[Data for the task — start]

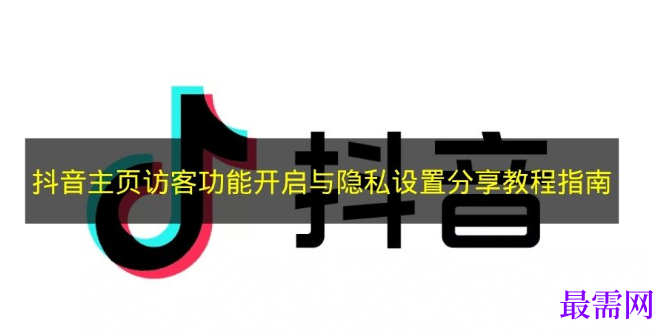 1763954647412437.png image.png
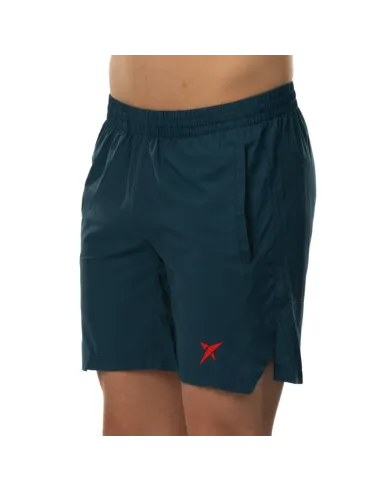 Pantaloncini Drop Shot Egan |DROP SHOT |Abbigliamento da padel
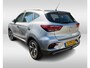 MG MG ZS EV Long Range Luxury 70 kWh / SoH 93,9% / Panoramadak / Camera / Leder / CarPlay / Keyless / 17'' / Stoelverwarming / Dodehoek / DAB / ACC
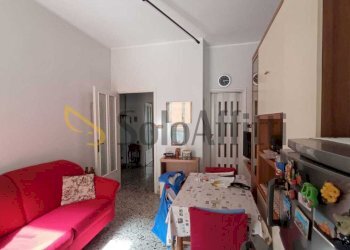 WhatsApp Image 2026-05-18 at 16.37.51 - Two-room apartment Corso Orbassano 191, Torino (neighborhood Pozzo Strada) - photo 2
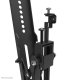 Neomounts WL35S-850BL16 Supporto TV a parete 42-86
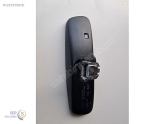 Oto Çıkma Parça / Nissan / Qashqai / Ayna / İç Ayna / Çıkma Parça 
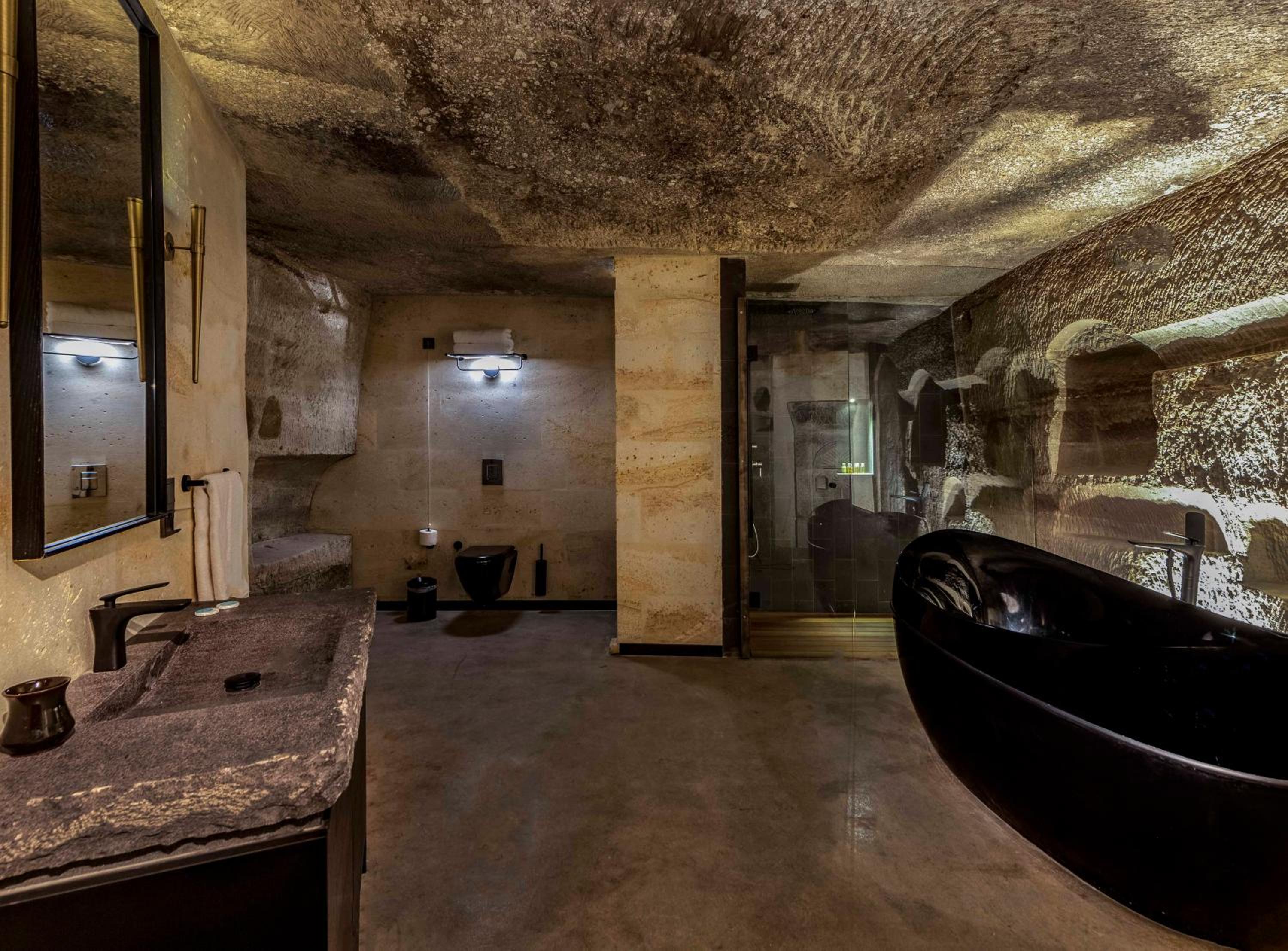 Carus Cappadocia - Image 151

[Data for the task — finish]

_Problem details_
Output every entry above exactly as written, but omit the pictures.

_Solution to the problem_
 1763954647412437.png image.png
 Pantaloncini Drop Shot Egan |DROP SHOT |Abbigliamento da padel
 MG MG ZS EV Long Range Luxury 70 kWh / SoH 93,9% / Panoramadak / Camera / Leder / CarPlay / Keyless / 17'' / Stoelverwarming / Dodehoek / DAB / ACC
 WhatsApp Image 2026-05-18 at 16.37.51 - Two-room apartment Corso Orbassano 191, Torino (neighborhood Pozzo Strada) - photo 2
 Neomounts WL35S-850BL16 Supporto TV a parete 42-86
 Oto Çıkma Parça / Nissan / Qashqai / Ayna / İç Ayna / Çıkma Parça 
 Carus Cappadocia - Image 151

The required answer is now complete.